As an astronomer he had received no formal education or training. "I am an astronomer now, but I was not when I joined the observatory back in 1975. I began to make some important discoveries quite quickly, I rapidly began writing research papers on astronomy and is now classified as an astronomer," he explains. "The Anglo-Australian Observatory, where he worked for 26 years, was in a sense like a university. If one has the intelligence and is ready to take the challenges, there are some senior arthromeres who would teach one the essence of many things," he adds.

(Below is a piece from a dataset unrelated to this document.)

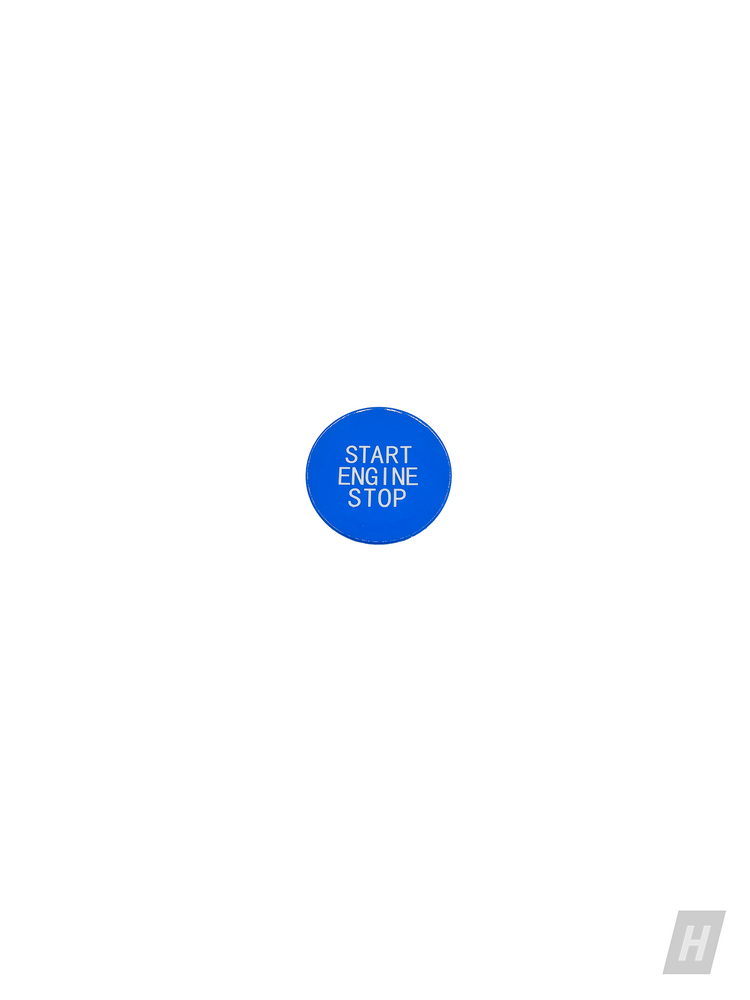 Gloss Blue Push Start Stop Button - G2X 3-Series | G2X 4-Series | G80 M3 | G82 / G83 M4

Malin's career began in the 1960s. As a photographer he first dabbled into the microscopic world. "In a sense it was exactly the same. You are photographing some image that most people have never seen, providing scientific information both to a non-scientist and a scientist." Maline considers himself to be a visual person, one who "responds strongly to the things that one sees".

When he was six or seven years old, he found an old fashion box camera in his grandparent's house. "I discovered that if you took the back of this thing and put a piece of tissue paper at the back you could see on the paper the picture of the world upside down and in colour. It fascinated me," Malin reflects. The fascination for visuals provoked him to work for a big international chemical company in the north of England, where he used photographs to solve chemical problems and it is the company that paid for his subsequent university education. He completed his study part-time, which "took seven and a half years to complete".

It was not until 1975 that he went to Australia and began his work on the macrocosmic world. "I took up a job at the Anglo-Australian Observatory, which was then a completely new institution," remembers Malin. It was in August of 1975 that he joined the institution and immediately started taking pictures using the newly set-up large telescope. "Luckily, I was able to use some of the techniques invented for the microscopic work on the telescope plates," Malin recalls. Retired in July 2001, he now runs his own business alongside maintaining a website.

The sky of Bangladesh is hard to penetrate; compared to Australia's it comes with navigational hazards. "You never get a good view of the sky in Dhaka. The weather as well as the pollution makes it difficult for astronomy," says Malin, who is all too impressed by the children interested in taking the course that he took at his early years. "You don't need an expensive camera for this," assures Malin. The motivation is one thing that helped perch him on the apex of his ambition and it is motivation, he believes, that may finally get some of the enthusiastic Bangladeshi children to make some forays into the vast and bountiful cosmos.